Aux États généraux même, des journalistes acadiens et franco-ontariens avaient remarqué que pour une grande partie des délégués québécois, Canadien français signifiait francophone du Québec. Ils ne voyaient pas de différence entre les deux appellations. Par le passé, il y avait bien eu quelques crises majeures qui ont entraîné de forts mouvements de solidarité entre Québécois francophones et francophones des autres provinces et territoires canadiens: la rébellion des Métis et la pendaison de Louis Riel en 1885 et le règlement 17 en Ontario en 1912 notamment. Mais cette solidarité était cimentée par des liens de sang, de langue, de religion et de culture, pas par des liens politiques ou par une vision «canadienne-française» d'un océan à l'autre. Et cette solidarité existe encore aujourd'hui quand la situation l'exige. On l'a vu avec la crise de l'hôpital Montfort, où indépendantistes et fédéralistes se sont tenus debout ensemble en dépit de projets et de visions politiques divergents…

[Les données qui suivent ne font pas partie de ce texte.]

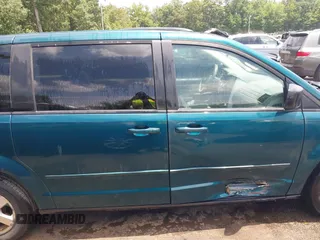 2009 Dodge Grand Caravan SE with VIN 2D8HN44E09R642823, listed as a IAAI auction lot 42606693 with 132,967 mi miles and . Bid and sale history available at DreamBid. Image 13.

J'ai remarqué d'ailleurs que même aujourd'hui, dans le langage employé, ce sentiments d'appartenir à une même famille revient toujours à la surface, plus encore que celui d'une communauté de citoyenneté.  Le président de l'ACFA (Franco-Albertains), parlait de Québec, «notre grand frère». Le député Yvon Godin, à l'émission de Radio-Canada, parlait «des cousins et des cousines». Personne n'a insisté sur le mot «concitoyens»… Pour les minorités francophones, donc, je ne doute pas que les États généraux aient provoqué une remise en question identitaire. J'y étais délégué franco-ontarien, je m'en souviens. Mais pour les délégués québécois, il n'y a pas vraiment eu de rupture. La vision commune canadienne-française d'un océan à l'autre ne s'était jamais vraiment enracinée (du moins au Québec) depuis 1867…


Conclusion

Les Québécois francophones, quelle que soit leur idéologie, les Canadiens français de l'Ontario et de l'Ouest, et les Acadiens ont en commun - depuis un siècle et demie, et pour l'avenir prévisible - le projet de protéger et de promouvoir la langue et la culture françaises. C'est suffisant pour se parler, s'informer, se concerter et pour agir en commun sans s'enfarger dans les fleurs du tapis de l'article 23 d'une Charte adoptée sans le Québec et contre le Québec.